Decision Tree#

A Decision Tree is a supervised machine learning algorithm used for both classification and regression tasks. It is a tree-like model where each internal node represents a decision based on a feature, each branch represents an outcome of that decision, and each leaf node represents a class label (in classification) or a predicted value (in regression).

Decision Tree diagram

Decision Trees for classification#

In classification problems the following general process is followed:

  1. The algorithm begins at the root node. This node asks a question about the data (e.g., “Is the weather sunny?”).

  2. Based on the answer to the question, the algorithm follows the corresponding branch. Each branch leads to another node, which asks a further question.

  3. This process continues until the algorithm reaches a leaf node. The leaf node represents the final classification (e.g., “Play outside” or “Stay indoors”).

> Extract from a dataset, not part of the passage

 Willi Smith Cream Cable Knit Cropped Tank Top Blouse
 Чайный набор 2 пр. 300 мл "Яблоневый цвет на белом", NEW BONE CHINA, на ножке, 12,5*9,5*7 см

Decision Trees for regression#

The process is similar, but instead of assigning class labels at the leaves, the algorithm calculates the average or mean value of the data points that reach that leaf. This average becomes the predicted value for a new data point.

Building a Decision Tree#

The key is to determine the best questions to ask at each node. The algorithm uses various criteria to select the most informative features:

  • Information Gain (ID3): Measures how much a feature reduces the uncertainty (entropy) in the data.

  • Gini Index (CART): Measures the impurity of a node. Lower Gini index indicates a purer node (i.e., most data points belong to the same class).

The algorithm selects the feature with the highest information gain or lowest Gini index to split the data at each node.

Strengths of Decision Trees#

  • Decision trees are easy to visualize and understand, making them useful for explaining the reasoning behind predictions.

  • Handles both categorical and numerical features. No need for feature scaling or encoding.

  • Can model complex relationships between features and the target variable (non-linear relationships).

  • Provides insights into which features are more important in the prediction.

Weaknesses of Decision Trees#

  • Can easily create overly complex trees that memorize the training data instead of generalizing (prone to overfitting).

  • Small changes in the data can lead to drastically different trees.

  • Can be less accurate for imbalanced datasets as it is inherently biased towards dominant classes.